As Minister for Business, Enterprise and Innovation I understand the importance of promoting a good work-life balance for employees. This is addressed under Pillar 4 of the Government's Future Jobs Ireland strategy. Pillar 4 is focussed on increasing participation in the labour force as this will lead to the more equitable, balanced and sustainable development of Ireland’s workforce.

Pillar 4 of Future Jobs Ireland outlines a number of key ambitions and deliverables to help to increase participation in the labour force. A number of these ambitions are centred on flexible working solutions which can offer benefits for employers, employees and wider society in general. Flexible working encompasses a wide range of practices including part-time, compressed hours, job sharing, home-working and remote working.

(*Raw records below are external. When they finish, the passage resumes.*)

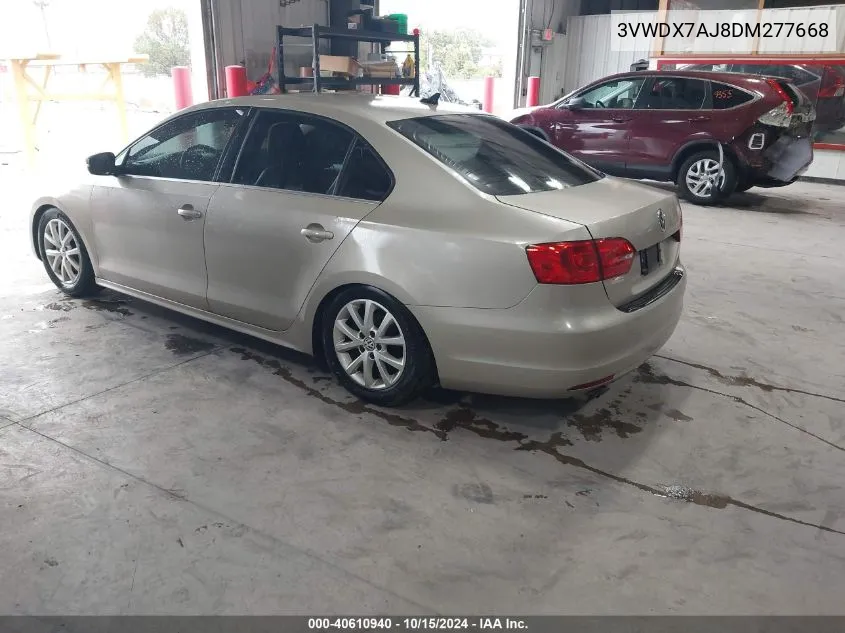 2013 Volkswagen Jetta 2.5L Se VIN: 3VWDX7AJ8DM277668 Lot: 40610940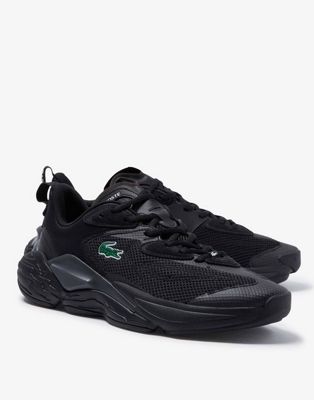 Lacoste ace shot trainers in black
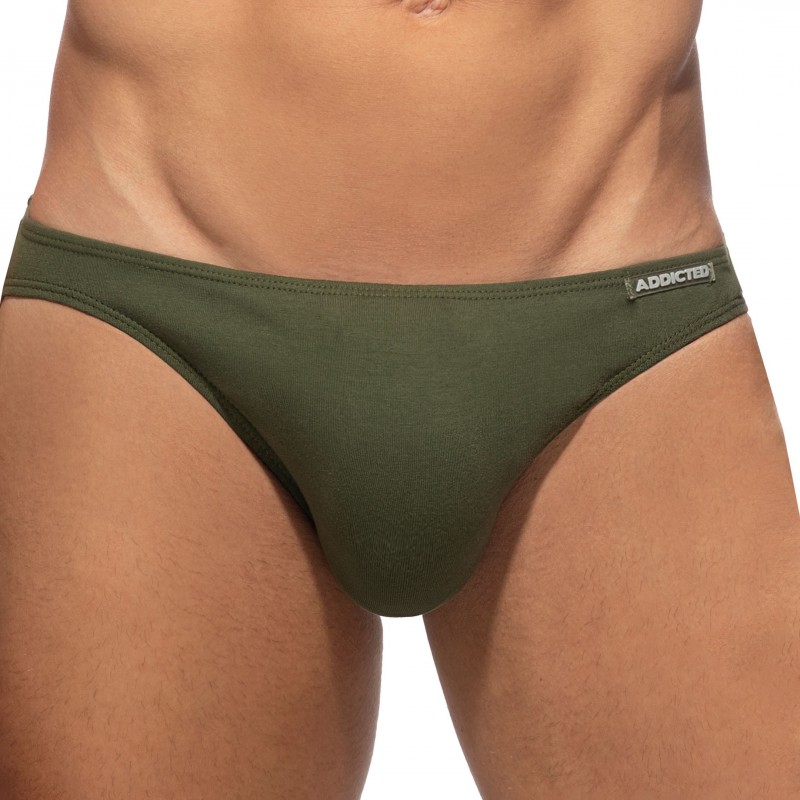 Addicted Slip Bikini Coton Kaki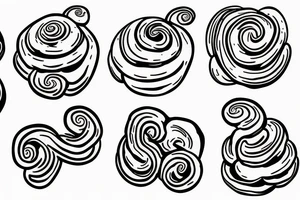 cinnamon bun cartoon tattoo idea
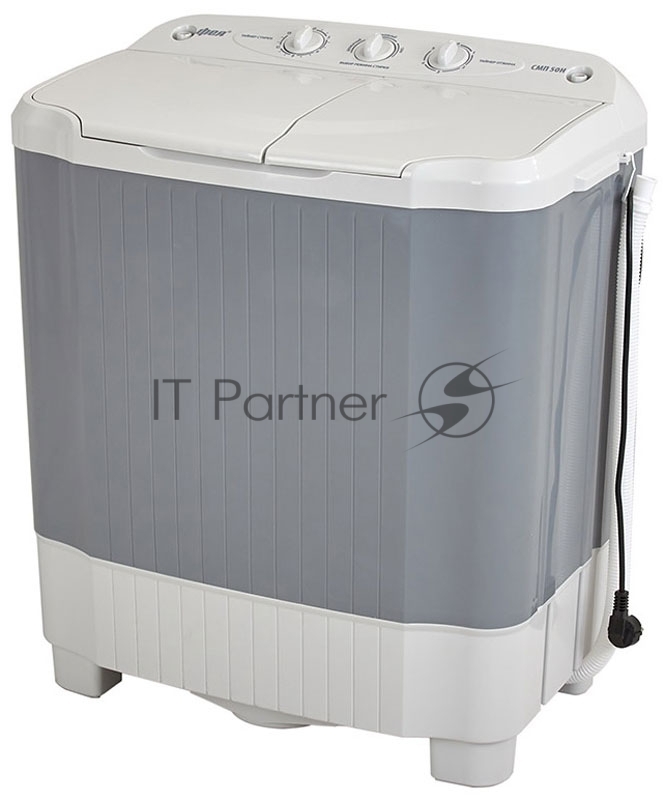 Стиральная машина Фея СМП 50 Н серый-светло серый, полуавтомат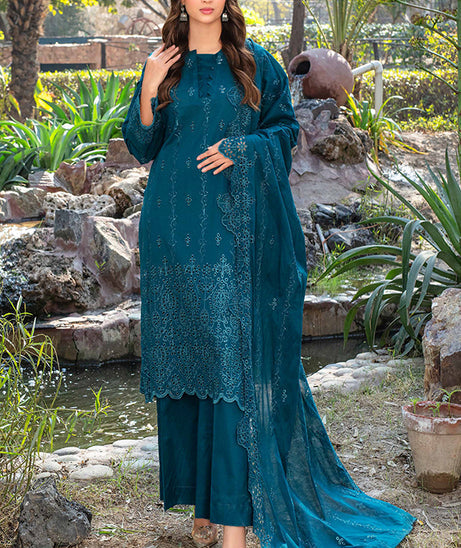 Feroza Fizza Luxury Lawn 05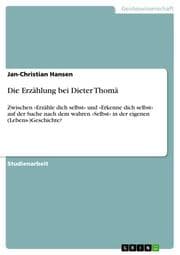 Cover von Die Erzählung bei Dieter Thomä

Such solutions allow for tangible benefits for employees including improving their work-life balance. It also provides solutions for those who would otherwise take unpaid parental leave but cannot afford to do so.

There are a number of key deliverables under Pillar 4 with the objective of fostering participation in the labour force through flexible working solutions. These include deliverables such as holding a national consultation on flexible working options, the development of guidance for employers on family-friendly working options, and the extension of unpaid Parental Leave.

A further deliverable under this Pillar is the completion of research on remote working. My Department is currently leading on this research which focusses on understanding the prevalence and types of remote working arrangements within the Irish workforce and the attitudes towards such arrangements. The research will identify the influencing factors for both employers and employees partaking in remote working. The research will also include an international policy review which will consider related policies abroad, such as the ‘right to disconnect’ in France, in order to understand the impacts of this on remote working.

This research will include desk research, a national employee survey, and key stakeholder engagement. In order to aid this engagement, I held a Remote Working Stakeholder Forum in Cavan Digital Hub on July 18th. The results arising from this event will be included in the final research.

The research will be completed in Q4 of this year and will be published shortly thereafter.